Black Raspberry Sauce
2 cups black caps/black raspberries
1 cup sugar
1 tsp vanilla extract
1 tsp lemon juice
Put berries and sugar into a pot over low heat and stir until berries are broken down and sugar is completely dissolved. Cool slightly before you mash this through a sieve. Add vanilla and lemon juice and refrigerate. Lasts for weeks. It’s terrific drizzled over a fresh peach and plain yogurt for breakfast or dessert, mixed into morning oatmeal, drizzled overtop the raspberry tart above, or with a ½ teaspoon dropped into champagne for cocktails.
https://www.nytimes.com/2010/08/01/magazine/01food-t-000.html
https://www.epicurious.com/recipes/food/views/Old-Fashioned-Raspberry-Jam-230700
The site below offers another very easy jam recipe plus a downloadable e-cookbook
https://www.wikihow.com/Make-Red-Raspberry-Jam
https://www.foodnetwork.com/topics/raspberry/index.html
https://www.cheekykitchen.com/2010/08/raspberry-roasted-garlic-grilled-chicken.html
https://www.food.com/recipe/raspberry-chicken-272424
https://allrecipes.com/Recipe/raspberry-tilapia/Detail.aspx
https://www.oukosher.org/index.php/recipes/single/tequlia_grilled_salmon_with_raspberry_sauce_fish/
https://www.food.com/recipe/pan-seared-fish-with-raspberry-vinaigrette-176078
Ruth Hucks says
RE the raspberry tart: What is pastry cream? The recipe overall sounds delicious and I’ll try it out here in Colorado.
Ruth Hucks
Nancy Taylor Robson says
Pastry cream is a very rich vanilla custard — but don’t use a box mix. Do it from scratch since it’s not particularly difficult and tastes so much better than a box!

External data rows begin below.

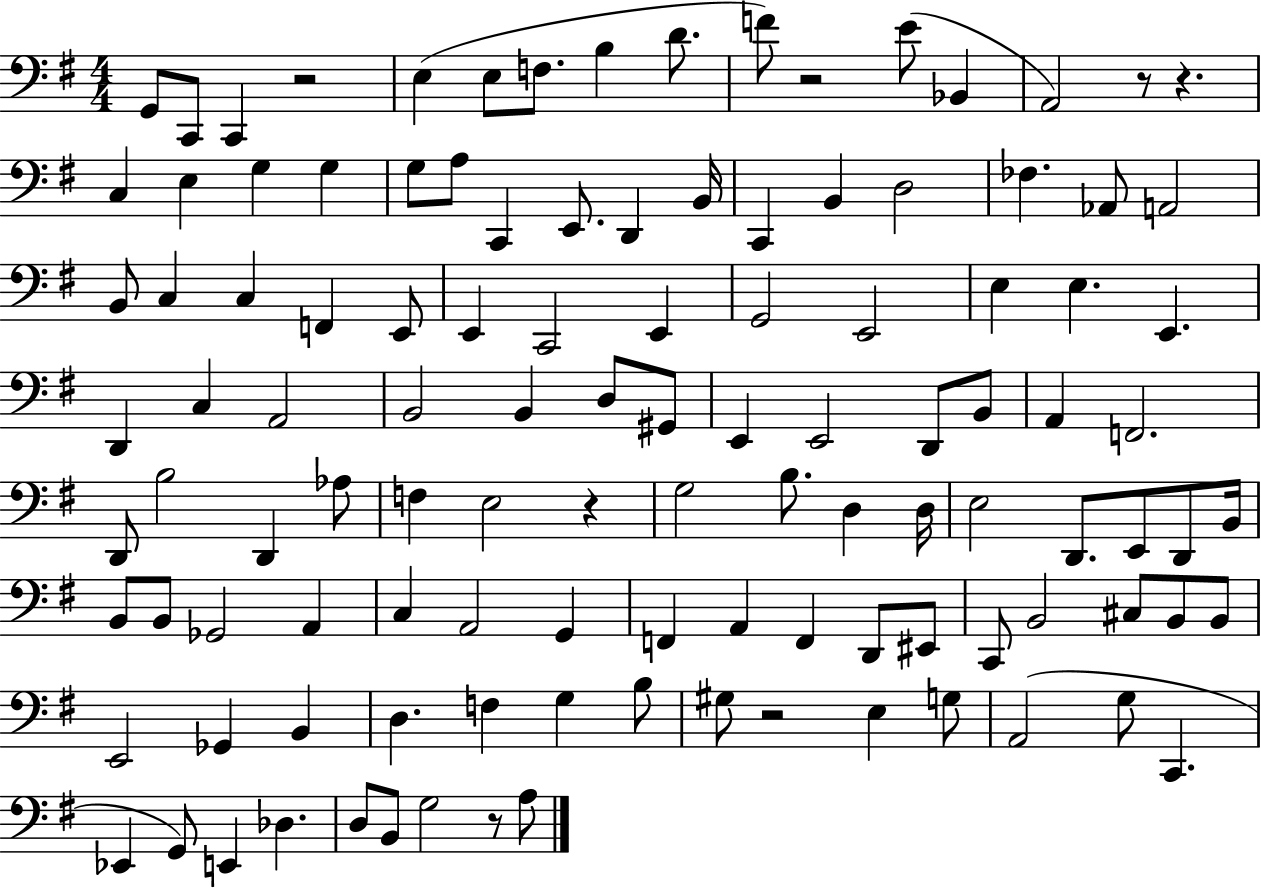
{
  \clef bass
  \numericTimeSignature
  \time 4/4
  \key g \major
  g,8 c,8 c,4 r2 | e4( e8 f8. b4 d'8. | f'8) r2 e'8( bes,4 | a,2) r8 r4. | \break c4 e4 g4 g4 | g8 a8 c,4 e,8. d,4 b,16 | c,4 b,4 d2 | fes4. aes,8 a,2 | \break b,8 c4 c4 f,4 e,8 | e,4 c,2 e,4 | g,2 e,2 | e4 e4. e,4. | \break d,4 c4 a,2 | b,2 b,4 d8 gis,8 | e,4 e,2 d,8 b,8 | a,4 f,2. | \break d,8 b2 d,4 aes8 | f4 e2 r4 | g2 b8. d4 d16 | e2 d,8. e,8 d,8 b,16 | \break b,8 b,8 ges,2 a,4 | c4 a,2 g,4 | f,4 a,4 f,4 d,8 eis,8 | c,8 b,2 cis8 b,8 b,8 | \break e,2 ges,4 b,4 | d4. f4 g4 b8 | gis8 r2 e4 g8 | a,2( g8 c,4. | \break ees,4 g,8) e,4 des4. | d8 b,8 g2 r8 a8 | \bar "|."
}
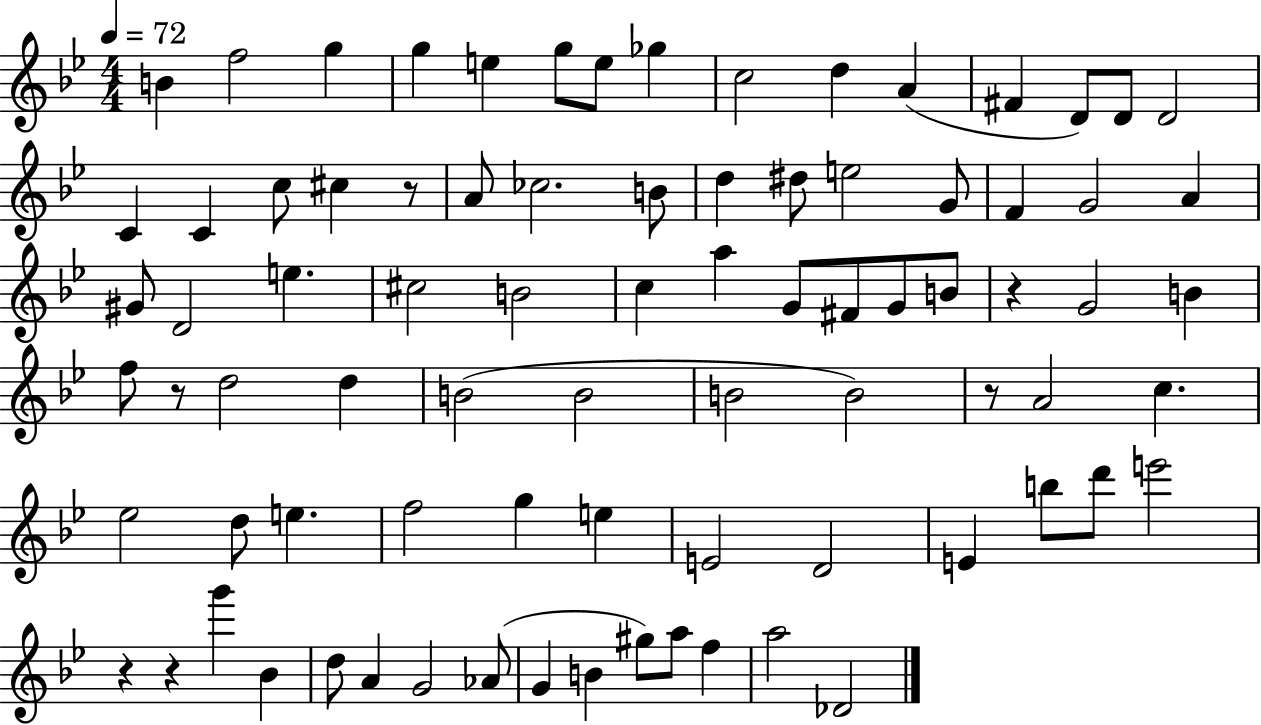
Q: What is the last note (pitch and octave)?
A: Db4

Pastry Cream aka Creme Patissiere
2 cups whole milk (1 3/4 cup skim+ 1/4 cup whipping cream)
1/3 cup flour
1/3 cup white sugar
1 tsp your very best real vanilla extract
2 egg yolks or 2 whole eggs, which makes a slightly fluffier version
Scald (i.e. heat until just below boiling) 1 1/2 cups milk in a heavy saucepan. (Some people use a double boiler to keep from burning the mixture on the bottom of the pan.). Meanwhile, whisk flour and sugar together well with in a bowl — one with a spout is useful. Add the 1/2 cup reserved milk and blend until it has no lumps. Pour this mixture into the scalded milk and whisk well to prevent lumps. It should thicken quickly. Whisk the eggs or egg yolks in a bowl ( it can be the same bowl you did the milk and flour and sugar in). When whisked, add a little of the hot, thickened milk-and-flour from the pot to temper the eggs and keep them from curdling when you add them to the hot milk-flou-sugar. Whisk well. Pour back into the saucepan and turn heat on low. Stir continually until the whole is well heated and it’s giving off steam — to cook the eggs — but don’t let it come to a real boil. Take it off the heat and whisk in vanilla. Pour into a container, put a sheet of plastic wrap right overtop so it touches all of the custard and refrigerate until chilled. Spread into the baked, cooled pie crust and top with berries (or whatever fresh fruit you’ve got).
Laura D says
Nancy, you have done it again! A friend has raspberry bushes and your wonderful article and recipes are motivating me to ‘volunteer’ to help him pick the berries in return for a stockpile for me. Love your column!
Nancy Taylor Robson says
Laura, thanks much. Would love to hear what you end up doing with your hoard!